News Politics & International Slovakia

Slovakia ditches international treaty on women’s rights

Bratislava, Slovakia – Last week, the Slovak Parliament passed a resolution to force the government to drop the ratification process of the so-called Istanbul Convention – a Council of Europe treaty on women’s rights and gender equality.

Presented by junior coalition member Slovak National Party (SNS), the resolution was passed by 101 in favour and 28 against. SNS, a conservative and nationalist party, claimed the convention contradicts the Slovak Constitution’s definition of gender.

In 2014, Slovakia passed a constitutional amendment that defined marriage as a union between a man and a women, effectively banning gay marriage (same-sex civil partnerships are not legally recognized either).

Last February, former Prime Minister and Smer chairman Robert Fico, who was forced to resign last year under the pressure of mass protests, had already announced the country would not ratify the convention, arguing the treaty “needlessly questions natural differences between men and women and calls them stereotypes”.
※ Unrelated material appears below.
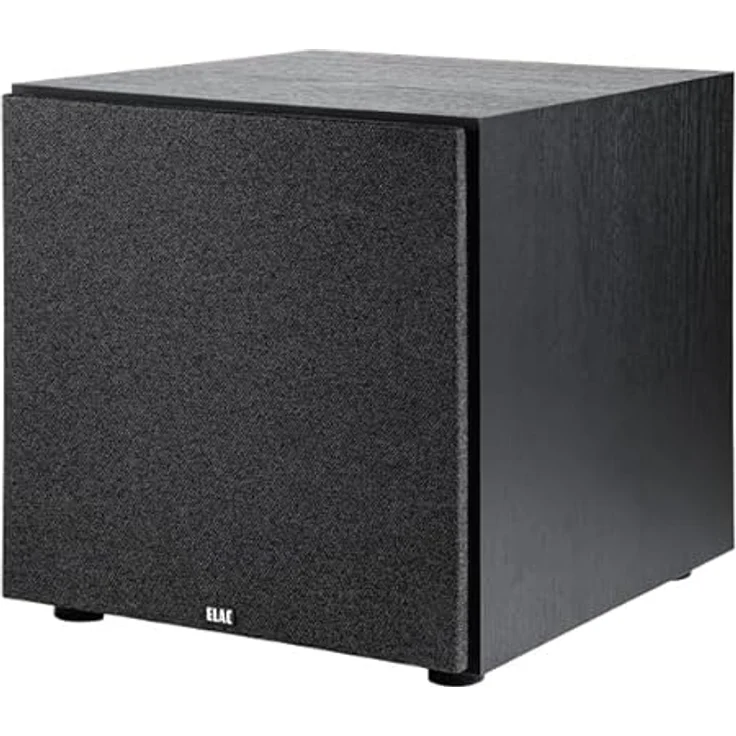 ELAC Debut 3.0 DS123, 12'' Subwoofer mit 200 W Leistung, präzisem Bass und edlem Design – Schwarz – Bild 5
He was referring to the controversial article 3 of the convention that defines gender as “social roles, behaviors, activities and characteristics that a particular society considers appropriate for women and men”. He also stated that Slovakia would gladly adopt the measures that specifically concern the protection of women against violence.

Slovakia’s Roman Catholic Church also publicly criticized the convention.

Although Slovakia signed the document promoting women’s rights in 2011, the legislative ratification process has been repeatedly postponed. Although more than 40 countries already ratified it, several EU countries, mostly from the former Eastern bloc including Hungary and the Czech Republic, haven’t ratified the convention either (Poland, where the treaty came into force in 2015, is the only Central European to have done so).

You can find the full text of the Istanbul Convention here.

CoE

The issue came back to the forefront of public debate in recent weeks, as the ruling Smer party and its presidential nominee Maros Sefcovic attempted to woo right-wing, conservative voters to defeat Čaputová in the presidential run-off. After coming in second in the first round, Sefcovic unconvincingly tried to appeal to conservative voters and present Čaputová’s agenda, which includes support for LGBT and gay rights, as “ultra-liberal” and contrary to Slovakia’s social and Christian DNA.

Zuzana Čaputová was nevertheless elected on Saturday as the country’s fifth president, thus becoming the first women to lead the country.

Although Slovakia counts among Europe’s most socially conservative nations, recent OECD data suggests that Slovakia may actually the most progressive country towards homosexuality and LGBT rights in Central Europe.